Understanding posix barrier mechanism

Question

Here is piece (very simplified, with global var's and other "smells") of C code, which uses posix barrier primitive to sincronize thread start.

#include <pthread.h>
#include <stdio.h>

pthread_barrier_t barrier;

void* thread_func(void* aArgs)
{
  pthread_barrier_wait(&barrier);

  printf("Entering thread %p\n", (void*)pthread_self());
  int i;
  for(i = 0 ; i < 5; i++)
    printf("val is %d in thread %p \n", i, (void*)pthread_self());
}

int main()
{
  pthread_t thread_1, thread_2;
  pthread_barrier_init(&barrier, NULL, 2);

  pthread_create(&thread_1, NULL, (void*)thread_func, NULL);
  printf("Thread %p created\n", (void*)thread_1);

  usleep(500);

  pthread_create(&thread_2, NULL, (void*)thread_func, NULL);
  printf("Thread %p created\n", (void*)thread_2);

  pthread_join(thread_1, NULL);
  pthread_join(thread_2, NULL);

  pthread_barrier_destroy(&barrier);

  return 0;
}

I can't understand, why "Entering thread ..." string occurs not simultaneously in the output?
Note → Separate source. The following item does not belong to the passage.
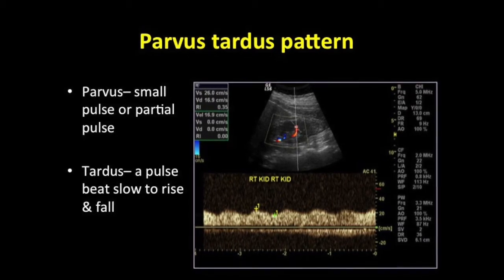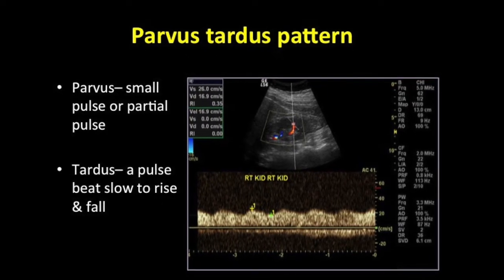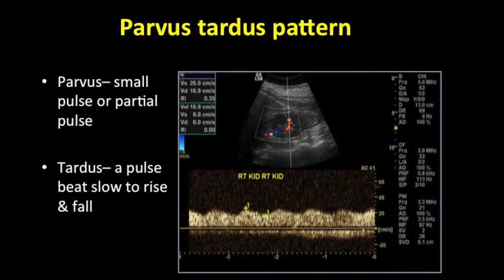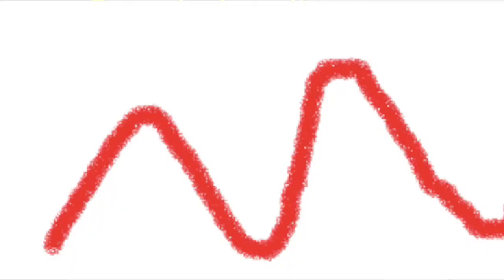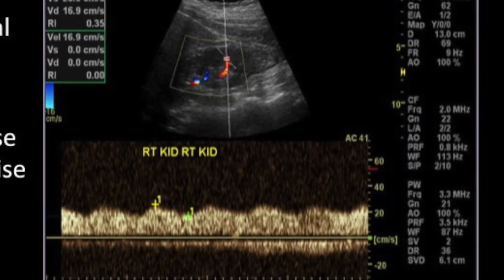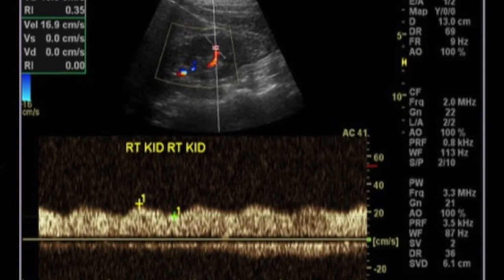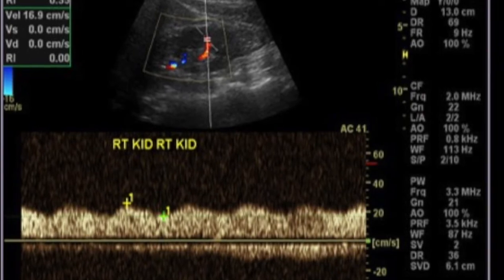What is the parvus tardus pattern? Parvus refers to a small or partial pulse, and tardus is a pulse slow to rise and slow to fall. This is a typical parvus tardus pattern.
When i run above programm, usually get alike output:

Thread 0xb74fdb40 created
Thread 0xb6cfcb40 created
Entering thread 0xb6cfcb40
val is 0 in thread 0xb6cfcb40 
val is 1 in thread 0xb6cfcb40 
val is 2 in thread 0xb6cfcb40 
val is 3 in thread 0xb6cfcb40 
val is 4 in thread 0xb6cfcb40 
Entering thread 0xb74fdb40
val is 0 in thread 0xb74fdb40 
val is 1 in thread 0xb74fdb40 
val is 2 in thread 0xb74fdb40 
val is 3 in thread 0xb74fdb40 
val is 4 in thread 0xb74fdb40 

What i expect, is simultaneously starting of two threads, and appearing of "Entering thread ..." strings in sequence in the output. Compile it with: gcc barrier.c -pthread

What i'm doing wrong with that?

Answer 1

What your barrier is doing is preventing Thread 1 from producing any output before Thread 2 is created.

After both threads are created, both cross the barrier and are unblocked. After that you are not asserting any control as to how they are interleaved. So, thread 1 happens to get its time slice and produces all its output; then thread 2 gets its time slice and produces all its output.
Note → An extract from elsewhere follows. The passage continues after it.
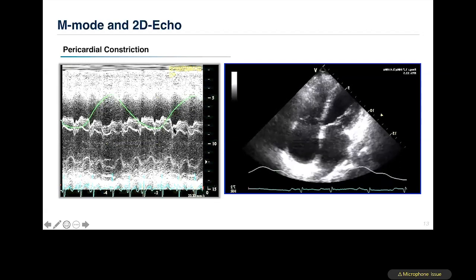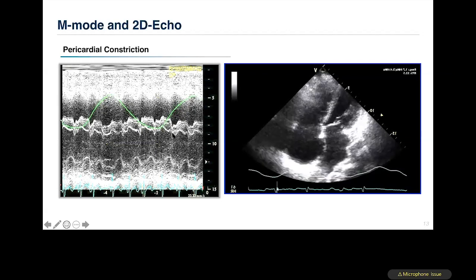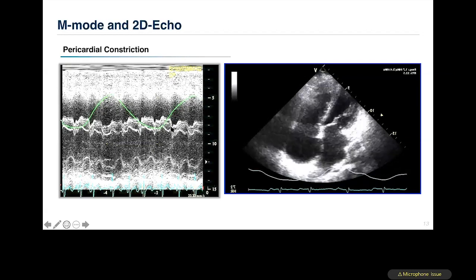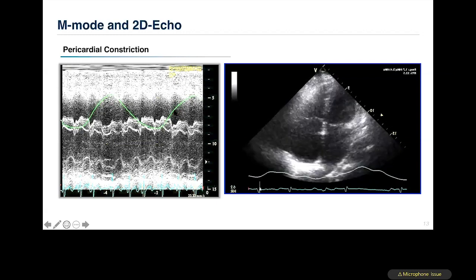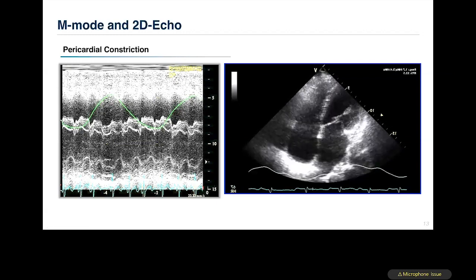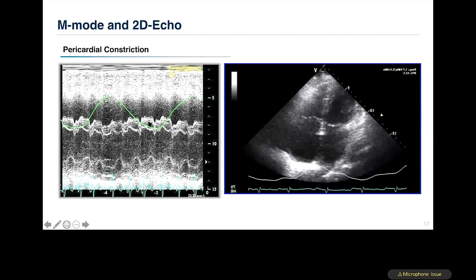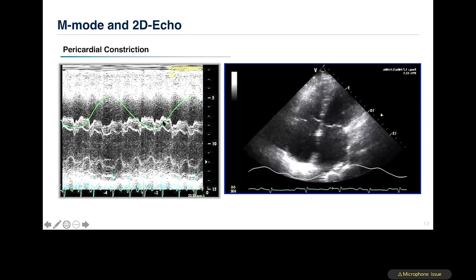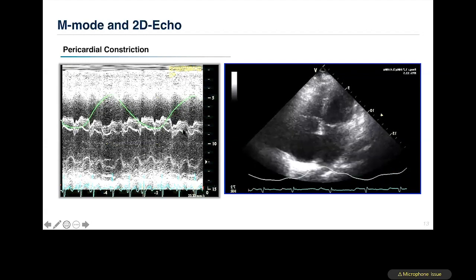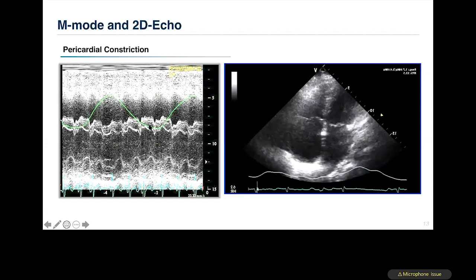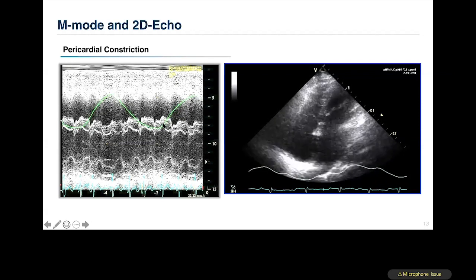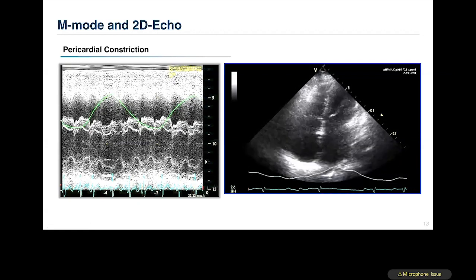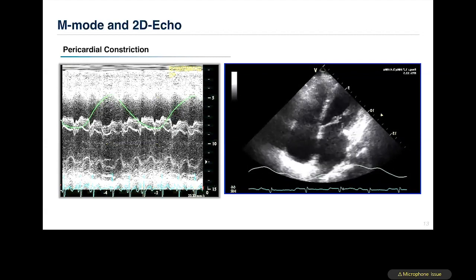The septal shudder occurs because of a large, rapid equalization of elevated filling pressure coming from the RA and LA toward the RV and LV, imparting a sudden high-frequency motion to the septum. The exaggerated interventricular interdependence in the constrained environment of a fixed pericardial volume causes the back-and-forth septal shift — a very important classic sign for recognizing constrictive pericarditis in clinical practice.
Try moving the barrier after the "Enter" output to get a better understanding.

Answer 2

All the barrier does is ensure that neither thread can return from the barrier wait call before the other thread has entered it. There is no ordering relationship between the subsequent output except that each individual stdio call is atomic. The fact that you're seeing all the output for one thread before all the output for the other is simply a consequence of scheduling and/or which thread succeeds in getting the internal mutex in stdout first on each try (once it's gotten it on one and the other thread goes to sleep waiting for the mutex, the first thread has an advantage re-acquiring this mutex first again).

If you want to see output interleaved, add another call to pthread_barrier_wait on your barrier immediately before or after each call to printf.

You would also be statistically much more likely to see interleaving by mere chance if you increased the number of output lines from 5 to 10000 or so.